Моя драгоценная гнома (СИ) - Лакомка Ната (читать книги онлайн .TXT) 📗
Кажется, выпитое вино настроило его на благодушный лад, потому что он совсем не разозлился на меня за расспросы.
— Что значит — почти?
— То и значит, — он легко запрыгнул на подоконник и сел напротив. — Она поставила некое условие, выполнить которое — очень сложно. Боюсь даже, что невозможно.
— Что за условие? — я так и подпрыгнула от нетерпения.

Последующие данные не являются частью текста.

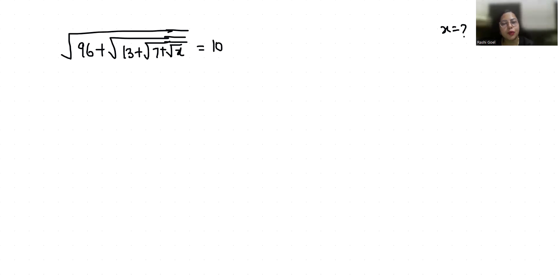Hello everyone, welcome to my channel. My name is Rashi Goyal and in this video we are going to solve: under square root of 96 plus under square root of 13 plus root 7 plus root x, equals root 10, and we have to find the value of x. So let's start with today's video solution.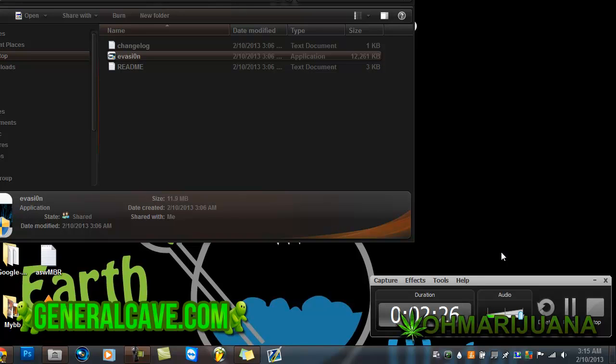And after that your device should just be jailbroken. All the links you will need to the program and such will be posted below. Please check out this site. That's it, see ya.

Потревоженная кошка сползла с моих коленей и подластилась к Дагоберу. Тот погладил ее по голове, почесал за ушками и переспросил:
— Что за условие?..
Мне был виден его четкий профиль — с той стороны, где не покусали пчелы. А соловей так и заливался, рассыпая трели.
— Я должен жениться на самой прекрасной девушке на свете, — сказал Дагобер, поднимая глаза к луне, голос его звучал монотонно и немного устало — словно он прошел полмира в поисках лекарства и отчаялся. — Если не женюсь на самой прекрасной, то безвременно умру на следующий день после свадьбы. А если не женюсь до двадцати пяти лет, то умру в день своего рождения.
30
Соловей выдал особенно затейливую руладу, но я ничуть ею не восхитилась, потому что переживала то, что сейчас услышала. Умереть в двадцать пять, если не женишься?! А если женишься не на самой прекрасной — умрешь на следующий же день после свадьбы?!
— Сколько времени тебе осталось? — спросила я с волнением.
— Меньше года, — ответил Дагобер, поглаживая бутоны роз.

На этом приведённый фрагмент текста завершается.